Supplied entries »
BEGIN
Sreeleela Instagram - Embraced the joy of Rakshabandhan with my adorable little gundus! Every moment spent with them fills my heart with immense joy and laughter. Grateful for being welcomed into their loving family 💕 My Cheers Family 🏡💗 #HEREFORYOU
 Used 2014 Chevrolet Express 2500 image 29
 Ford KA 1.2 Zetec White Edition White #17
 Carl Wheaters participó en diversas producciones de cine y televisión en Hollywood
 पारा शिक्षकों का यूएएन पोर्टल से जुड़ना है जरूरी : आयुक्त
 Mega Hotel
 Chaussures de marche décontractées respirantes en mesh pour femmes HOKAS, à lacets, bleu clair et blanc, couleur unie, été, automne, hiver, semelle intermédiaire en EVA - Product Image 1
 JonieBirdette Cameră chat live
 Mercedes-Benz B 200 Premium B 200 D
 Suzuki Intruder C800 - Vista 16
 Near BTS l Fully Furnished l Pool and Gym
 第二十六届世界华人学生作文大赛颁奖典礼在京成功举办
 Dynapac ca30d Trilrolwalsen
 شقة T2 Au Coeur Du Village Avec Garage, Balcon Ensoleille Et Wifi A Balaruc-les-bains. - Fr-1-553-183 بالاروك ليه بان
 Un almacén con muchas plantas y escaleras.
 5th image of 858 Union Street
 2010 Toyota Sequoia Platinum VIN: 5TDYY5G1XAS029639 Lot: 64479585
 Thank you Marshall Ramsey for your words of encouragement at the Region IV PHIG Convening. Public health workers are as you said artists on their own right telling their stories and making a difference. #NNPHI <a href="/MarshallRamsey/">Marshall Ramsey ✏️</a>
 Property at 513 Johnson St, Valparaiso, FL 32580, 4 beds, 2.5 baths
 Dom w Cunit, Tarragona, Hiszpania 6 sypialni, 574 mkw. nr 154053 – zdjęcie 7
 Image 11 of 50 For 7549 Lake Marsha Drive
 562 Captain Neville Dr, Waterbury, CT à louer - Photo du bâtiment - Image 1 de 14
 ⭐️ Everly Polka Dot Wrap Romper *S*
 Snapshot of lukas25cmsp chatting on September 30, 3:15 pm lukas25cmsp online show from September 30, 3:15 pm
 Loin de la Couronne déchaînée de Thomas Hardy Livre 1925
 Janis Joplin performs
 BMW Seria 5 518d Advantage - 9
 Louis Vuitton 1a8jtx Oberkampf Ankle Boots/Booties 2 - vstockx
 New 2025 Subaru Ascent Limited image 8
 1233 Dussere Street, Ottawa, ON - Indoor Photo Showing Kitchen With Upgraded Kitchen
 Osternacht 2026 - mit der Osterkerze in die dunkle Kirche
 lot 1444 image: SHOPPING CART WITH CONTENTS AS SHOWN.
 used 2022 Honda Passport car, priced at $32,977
END
To do »
Once you reach the line that contains "Wrap Romper *S*", transcribe it and all remaining lines of the listing exactly; skip everything before it.

Answer section »
 ⭐️ Everly Polka Dot Wrap Romper *S*
 Snapshot of lukas25cmsp chatting on September 30, 3:15 pm lukas25cmsp online show from September 30, 3:15 pm
 Loin de la Couronne déchaînée de Thomas Hardy Livre 1925
 Janis Joplin performs
 BMW Seria 5 518d Advantage - 9
 Louis Vuitton 1a8jtx Oberkampf Ankle Boots/Booties 2 - vstockx
 New 2025 Subaru Ascent Limited image 8
 1233 Dussere Street, Ottawa, ON - Indoor Photo Showing Kitchen With Upgraded Kitchen
 Osternacht 2026 - mit der Osterkerze in die dunkle Kirche
 lot 1444 image: SHOPPING CART WITH CONTENTS AS SHOWN.
 used 2022 Honda Passport car, priced at $32,977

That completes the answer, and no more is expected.